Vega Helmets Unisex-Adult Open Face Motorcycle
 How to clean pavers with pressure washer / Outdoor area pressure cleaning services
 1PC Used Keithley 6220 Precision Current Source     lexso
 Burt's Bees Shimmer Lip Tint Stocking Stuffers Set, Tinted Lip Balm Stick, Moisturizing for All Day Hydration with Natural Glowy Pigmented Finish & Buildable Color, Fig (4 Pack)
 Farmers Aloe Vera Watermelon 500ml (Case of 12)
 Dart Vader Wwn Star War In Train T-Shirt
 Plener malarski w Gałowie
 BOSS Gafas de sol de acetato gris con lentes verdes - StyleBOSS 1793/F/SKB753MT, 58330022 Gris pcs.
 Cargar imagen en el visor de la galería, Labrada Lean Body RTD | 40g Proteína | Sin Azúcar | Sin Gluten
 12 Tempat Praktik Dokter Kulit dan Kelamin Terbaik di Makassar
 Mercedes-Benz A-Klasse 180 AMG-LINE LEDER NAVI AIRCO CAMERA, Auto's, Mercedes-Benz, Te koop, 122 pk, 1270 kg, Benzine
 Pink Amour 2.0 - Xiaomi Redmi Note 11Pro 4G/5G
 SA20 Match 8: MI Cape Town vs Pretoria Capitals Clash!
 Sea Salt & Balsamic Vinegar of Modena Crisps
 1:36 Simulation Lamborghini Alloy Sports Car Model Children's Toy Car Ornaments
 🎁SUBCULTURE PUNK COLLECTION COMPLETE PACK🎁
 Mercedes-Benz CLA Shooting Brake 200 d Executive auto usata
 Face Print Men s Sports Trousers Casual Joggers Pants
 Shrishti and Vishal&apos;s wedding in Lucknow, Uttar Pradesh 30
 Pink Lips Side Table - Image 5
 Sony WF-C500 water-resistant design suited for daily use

### DIRECTIONS FOR THIS TASK:
Please set down the whole listing above without altering a single line.

### EXPECTED ANSWER:
Vega Helmets Unisex-Adult Open Face Motorcycle
 How to clean pavers with pressure washer / Outdoor area pressure cleaning services
 1PC Used Keithley 6220 Precision Current Source     lexso
 Burt's Bees Shimmer Lip Tint Stocking Stuffers Set, Tinted Lip Balm Stick, Moisturizing for All Day Hydration with Natural Glowy Pigmented Finish & Buildable Color, Fig (4 Pack)
 Farmers Aloe Vera Watermelon 500ml (Case of 12)
 Dart Vader Wwn Star War In Train T-Shirt
 Plener malarski w Gałowie
 BOSS Gafas de sol de acetato gris con lentes verdes - StyleBOSS 1793/F/SKB753MT, 58330022 Gris pcs.
 Cargar imagen en el visor de la galería, Labrada Lean Body RTD | 40g Proteína | Sin Azúcar | Sin Gluten
 12 Tempat Praktik Dokter Kulit dan Kelamin Terbaik di Makassar
 Mercedes-Benz A-Klasse 180 AMG-LINE LEDER NAVI AIRCO CAMERA, Auto's, Mercedes-Benz, Te koop, 122 pk, 1270 kg, Benzine
 Pink Amour 2.0 - Xiaomi Redmi Note 11Pro 4G/5G
 SA20 Match 8: MI Cape Town vs Pretoria Capitals Clash!
 Sea Salt & Balsamic Vinegar of Modena Crisps
 1:36 Simulation Lamborghini Alloy Sports Car Model Children's Toy Car Ornaments
 🎁SUBCULTURE PUNK COLLECTION COMPLETE PACK🎁
 Mercedes-Benz CLA Shooting Brake 200 d Executive auto usata
 Face Print Men s Sports Trousers Casual Joggers Pants
 Shrishti and Vishal&apos;s wedding in Lucknow, Uttar Pradesh 30
 Pink Lips Side Table - Image 5
 Sony WF-C500 water-resistant design suited for daily use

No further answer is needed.